The BBC reported last week on a Russian company who ran a “femininity marathon” campaign, offering female employees cash bonuses to wear skirts or dresses which are no longer than 5cm below the knee to work, in order to “brighten up” the work day for the 70% male team.
This echoes the 2016 story of a receptionist who was outsourced by Portico to PwC, for which they provided reception services. Nicola Thorp was sent home without pay for refusing to wear heels for her 9 hour shift, in accordance with Portico’s dress code.
Nicola launched a petition
against the requirement to wear heels at work which received 152,420
signatures. The Government response was that, in accordance with the Equality
Act 2010, any dress code set by an employer must be reasonable and must make
equivalent requirements for men and women.
Where a dress code is found to
put someone with a protected characteristic (such as being female) at a
particular disadvantage, it would constitute indirect discrimination. Wearing
heels for prolonged periods can cause health issues for women such as bunions,
back problems, ankle sprains and tight calves and so requiring women to wear
heels at work is likely to be discriminatory on the basis of sex.
On a separate issue, there have
also been two recent cases brought by male employees claiming sex
discrimination in relation to parental leave.
Derek Rotondo was involved in bringing a class action in the USA against JP Morgan on behalf of fathers who claimed they were denied access to paid parental leave on the same terms as mothers. The company’s policy only permitted fathers to be deemed the primary care giver where the mother had medical limitations on her ability to care for the child, which Mr Rotondo’s wife did not.
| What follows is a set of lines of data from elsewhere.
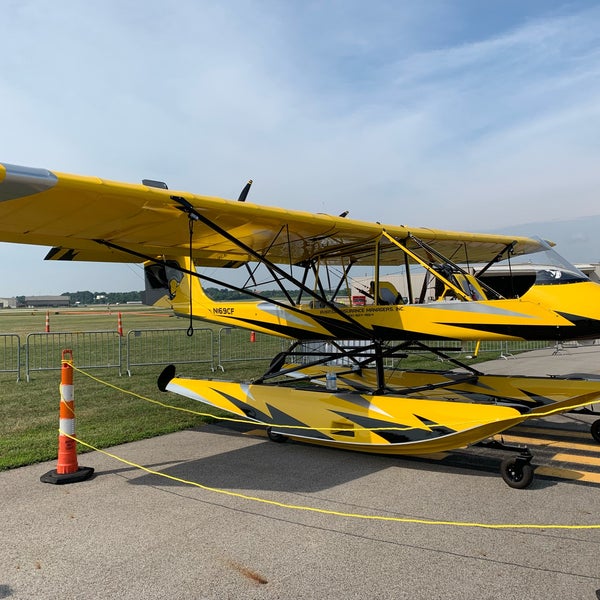Akron Fulton International Airport (AKR) Airport in Akron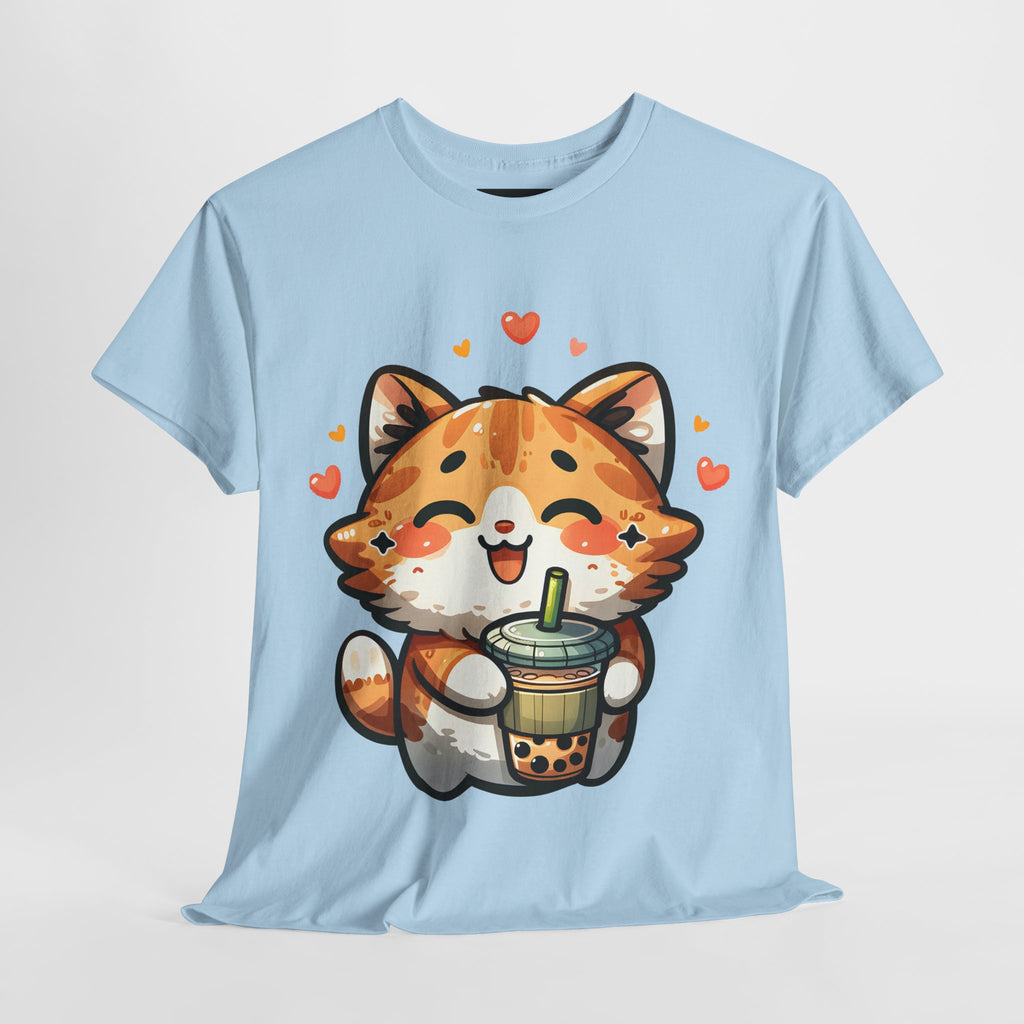 Boba Cat Lover Tee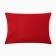 New Year. A set of pillowcases Ethel, 50x70 cm - 2 pcs, red color, 100% cotton, sod
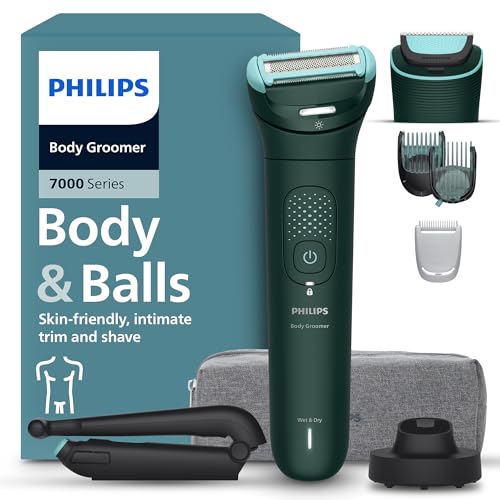 Produktbild: philips body groomer bg7485/30, serie 7000, nass- und trockenanwendung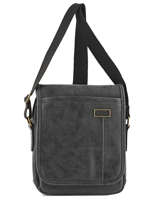 Sac Bandouli�re Serge blanco Noir meetic goal MEG13004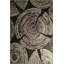 Tapis noir lavable décoratif-1068709636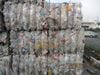 PET  bottle on bales contain 35-40% trays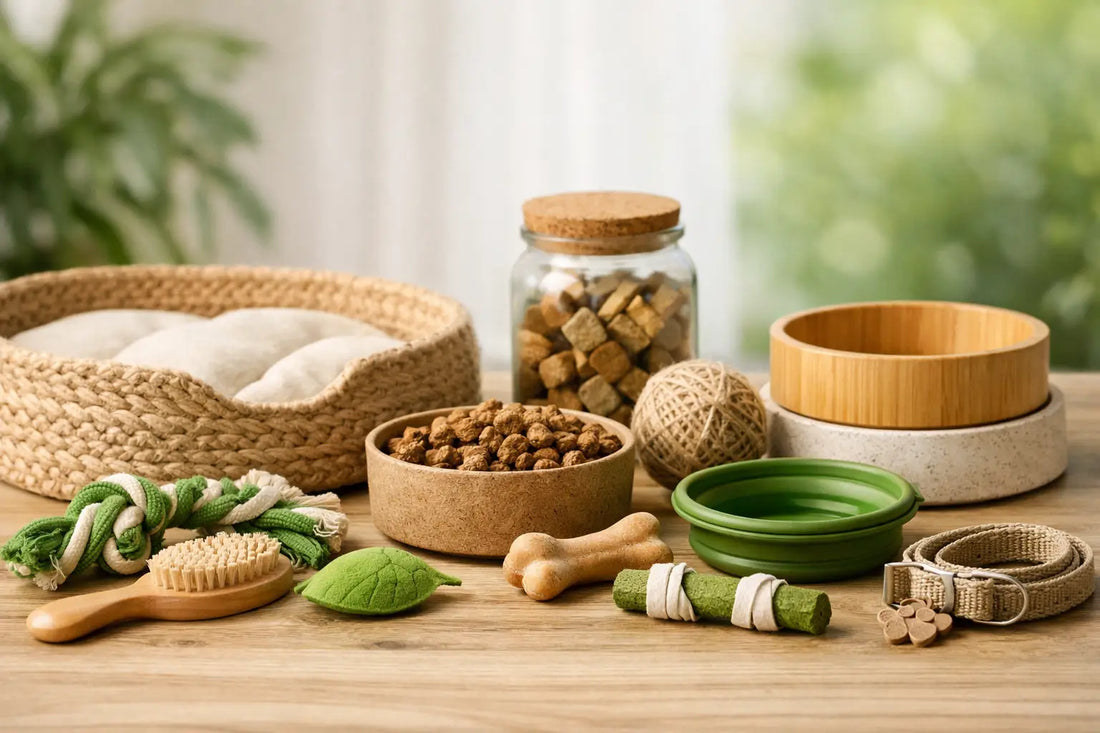 Eco Friendly Pet Supplies That Make Sense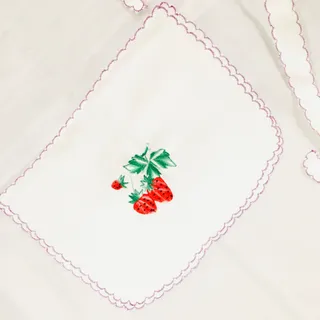 پیشبند گلدوزی شده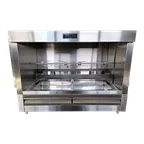 image of AMPTO FR1PGVE Metal Supreme Pork Leg Oven, 47"W X 25"D X 32"H, 100.9 Lbs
JP Morgan have now settled the case and have adopted a gender-neutral parental leave policy.
Back in UK, the Court of Appeal have just determined in the conjoined cases of Ali & Hextall that it is not direct or indirect sex discrimination, nor a breach of the implied equal pay sex equality clause into a contract of employment, to pay female employees enhanced maternity pay (EMP) but not pay male employees an equivalent enhanced amount on shared parental leave (SPL). It was found that EMP was a lawful more favourable term related to the special treatment of mothers in connection with pregnancy and childbirth, which is protected under the Equality Act 2010 and is not comparable to men on SPL, nor comparable to female employees taking SPL which is unconnected to pregnancy or childbirth, who would be paid the same as a male on SPL. Employers can therefore rest assured that female employees are entitled to special treatment connected to pregnancy or childbirth such as enhanced pay on maternity leave, but just don’t require them to wear heels or short skirts when they return to work!